_DESCRIPTION OF THE TASK_. All pictures are to be dropped, and everything else in the data duplicated exactly.

_AVAILABLE DATA_.
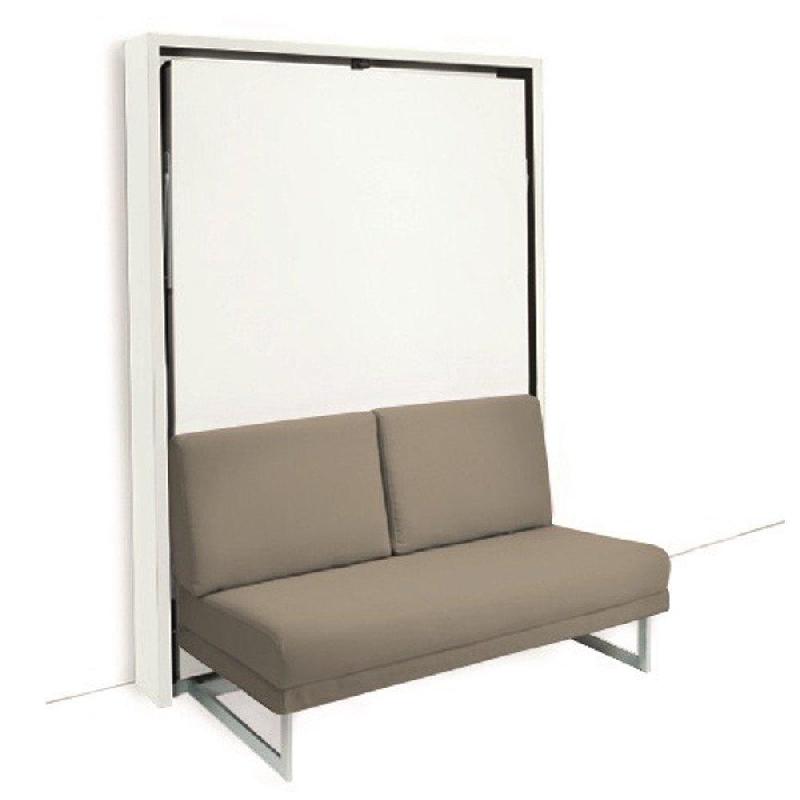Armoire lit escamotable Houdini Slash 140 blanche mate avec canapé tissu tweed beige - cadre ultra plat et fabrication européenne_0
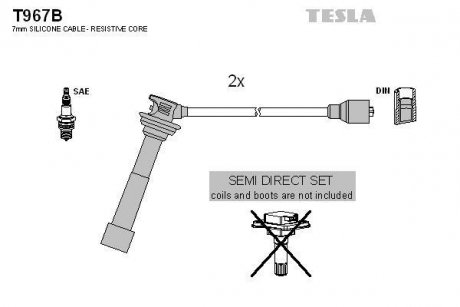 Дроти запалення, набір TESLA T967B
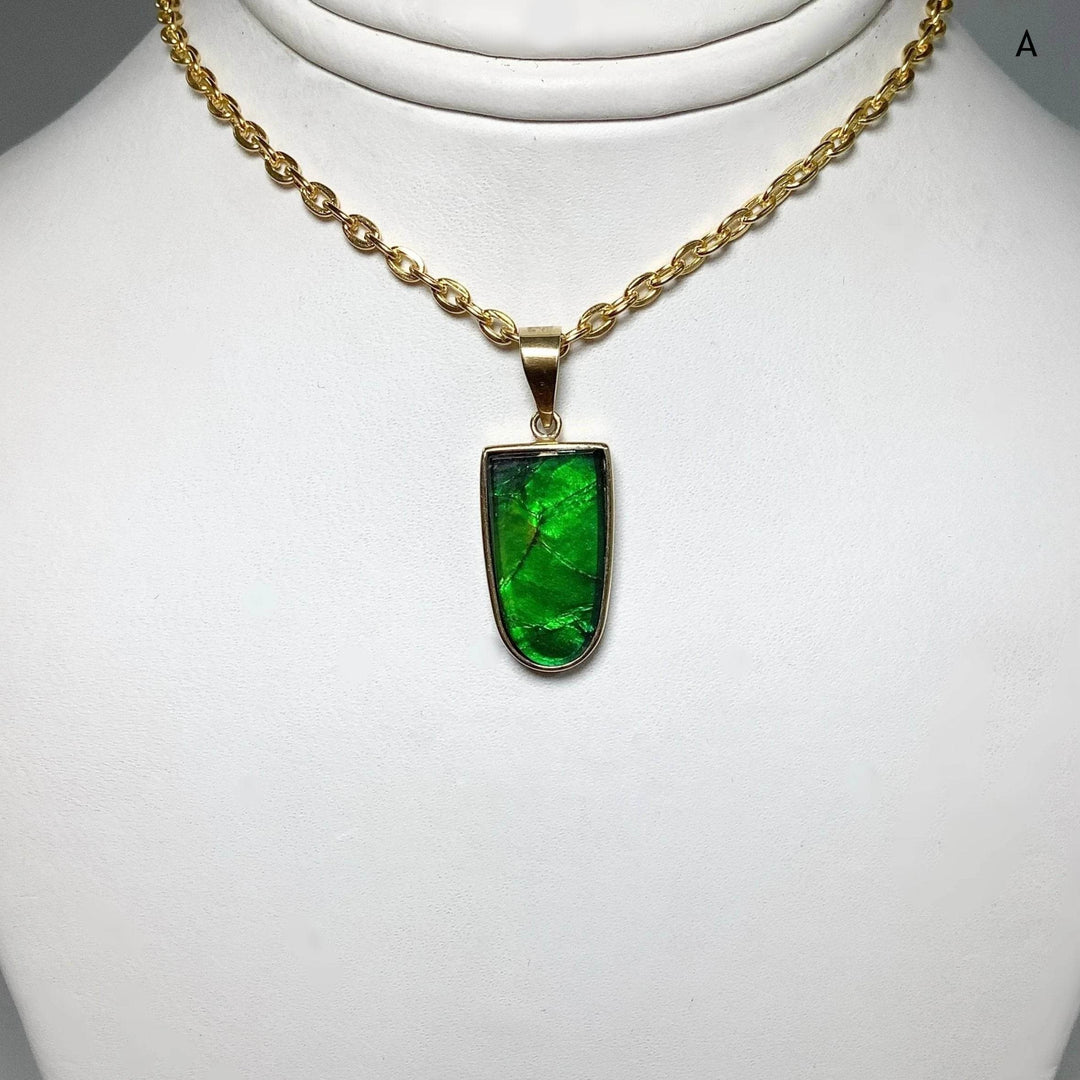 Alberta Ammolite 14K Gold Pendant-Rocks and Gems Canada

_EXERCISE RESULT_.
Armoire lit escamotable Houdini Slash 140 blanche mate avec canapé tissu tweed beige - cadre ultra plat et fabrication européenne_0
 Дроти запалення, набір TESLA T967B
 Alberta Ammolite 14K Gold Pendant-Rocks and Gems Canada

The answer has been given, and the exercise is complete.